I have recently been hearing
about flash drives. I know they are portable devices, but I was wondering how
they work. And how do they differ from thumb drives and hard drives?
I'll bet you're not the only
one confused by this. We have thumb and hard drives. We won't even talk about
floppy and optical drives. The makers should publish scorecards.
Flash drives are also known as thumb, jump and USB drives, among others. They are all the same thing. These drives use a type of memory known as flash.
Flash has no moving parts. Instead, it is made of rows and columns. Each juncture of row and column has two transistors. One of these is known as the floating gate. The amount of charge passing through it determines whether it is a 1 or 0.
Flash has a number of
advantages. For one, it's tiny. So flash is easy to slip into small places.
Flash drives can hold as much as 8 gigabytes of data. But you can easily put
them in your pocket. They make transferring data between widely separated
computers easy.
Flash also runs cool. So you can comfortably hold a flash drive in your hand.
Although the largest flash drives are expensive, smaller ones are not. These drives are following the same trajectory as hard drives. Capacity is growing rapidly as prices plummet.

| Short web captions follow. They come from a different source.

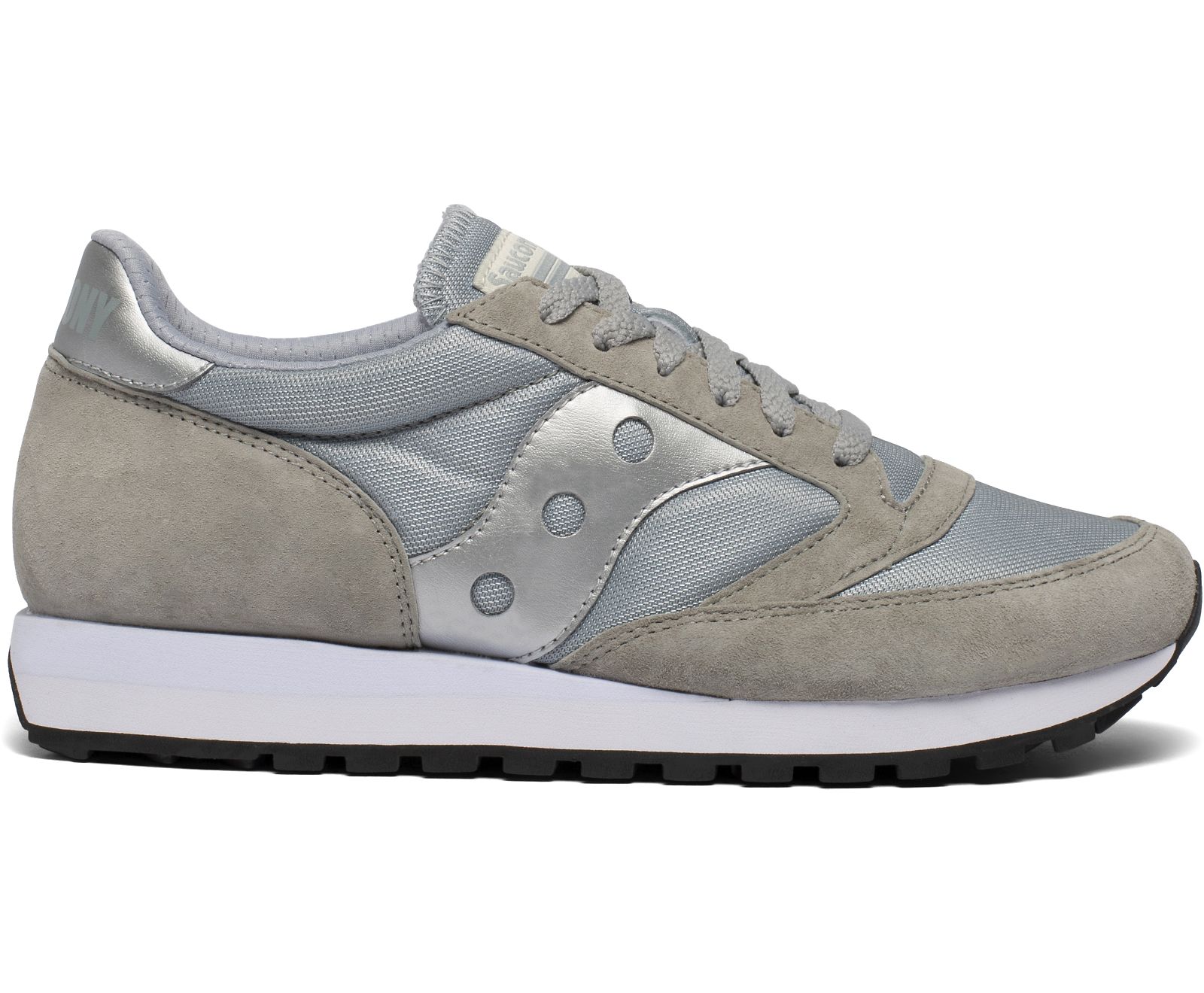 Saucony Jazz 81 Men\'s Originals Grey / Silver | Canada 391QMAZ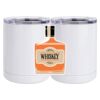 10 oz. White Stainless Steel Short Tumbler Thumbnail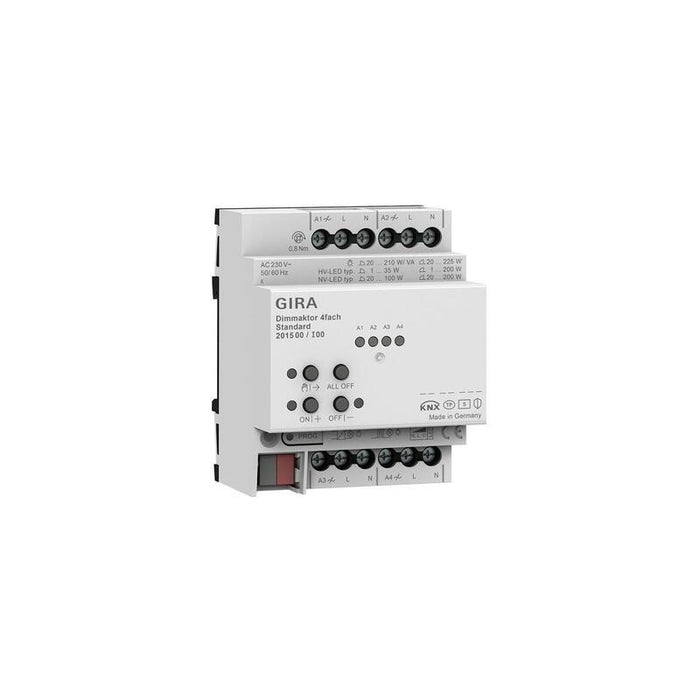 Gira 201500 Dimmaktor 4f Reg Std Knx Secure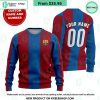 FC Barcelona Home Jersey CUSTOM Ugly Sweater word3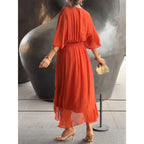 Whisper Fold Dress of breezy shape and summer rhythm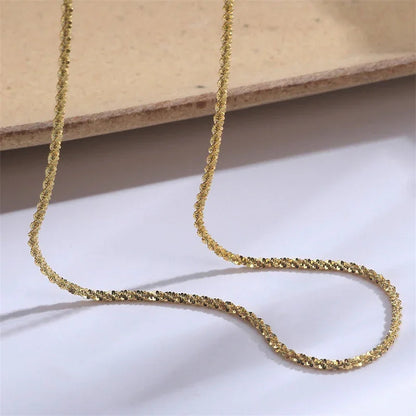 [ElanLuxe]Audrey Gold Chain Necklace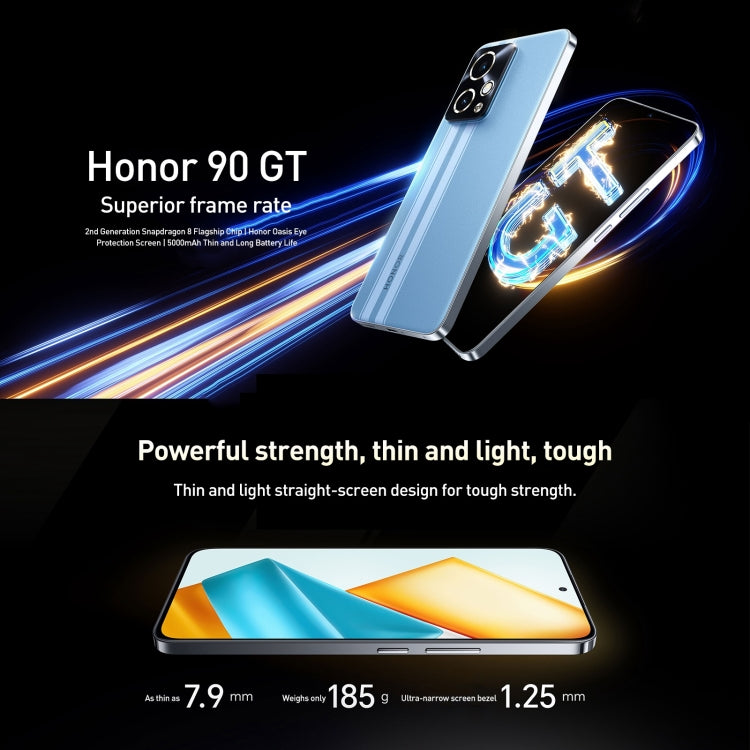 Honor 90 GT, 16GB+256GB , 6.7 inch Magic OS 7.2 Snapdragon 8 Gen 2 Octa Core, Network: 5G, OTG, NFC, Support Google Play(Blue) - Honor by Huawei | Online Shopping UK | buy2fix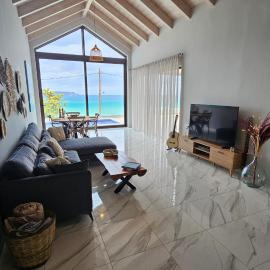 Fiorella Sea View Pool Villa in Kalyves, Chania area, Crete, hotel in Kalyves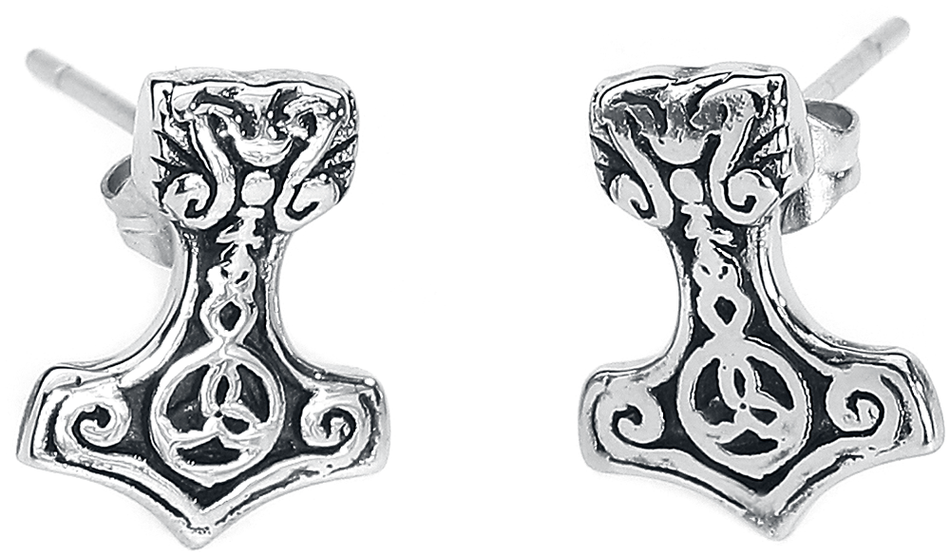 Set de boucles d'oreilles  de etNox hard and heavy - Marteau De Thor - pour Femme - couleur argent - etNox hard and heavy - View 2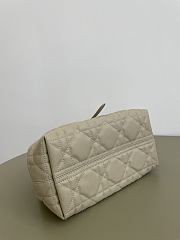 Dior Toujours Bag Beige 23x15x15cm - 4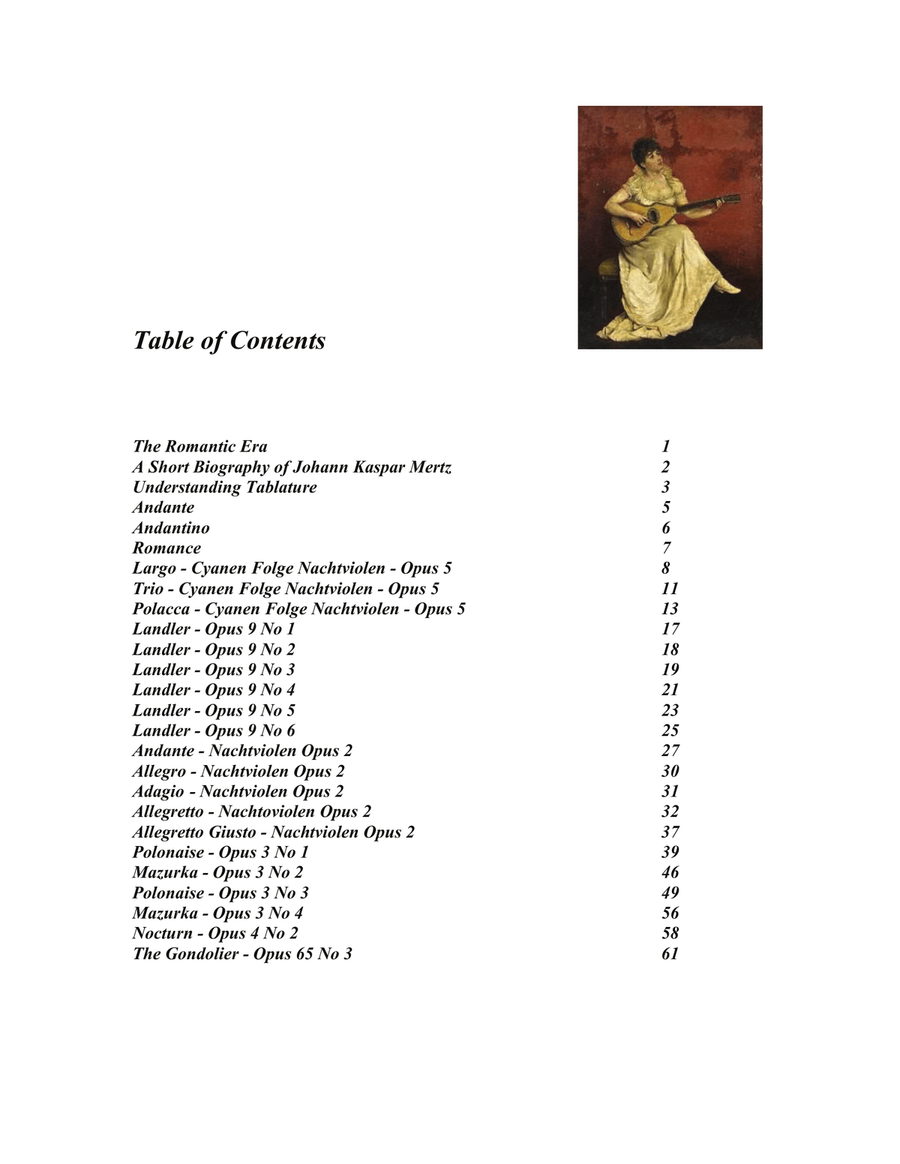 Johann Kaspar Mertz: Selected Pieces For Low G Ukulele Ukulele scores gallery preview page 2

Flash memory is much newer technology than hard drives. Most hard drives have platters that spin at 5,400 or 7,200 RPM. More expensive ones spin at up to 15,000 RPM.
Hard drives are descended from drives developed by IBM in the 1950s. So they've been around a long time. They have gotten new life in devices such as the iPod. However, flash memory could supplant them in some applications, such as laptops.
Hard drives have read-write heads that move very quickly above the platters. They occasionally hit the platters, an event known as a head crash. That destroys the drive. Even a speck of dust can cause a head crash. So all this movement has its downside.
However, hard drives can hold vastly more data than flash drives. Currently, the largest consumer hard drive holds 750GB. Compare that to flash drives, which top out at 8GB. The hard drive is not that much more expensive, either.
So, to answer your question, flash drives and hard drives don't have much in common. They both hold data. Neither is volatile, so they don't lose data when shut down. Both are relatively inexpensive. And both are small, considering their capacity.
Flash is solid state, which means it won't break. But hard drives hold a lot more information. If you're editing video, for instance, that's really important.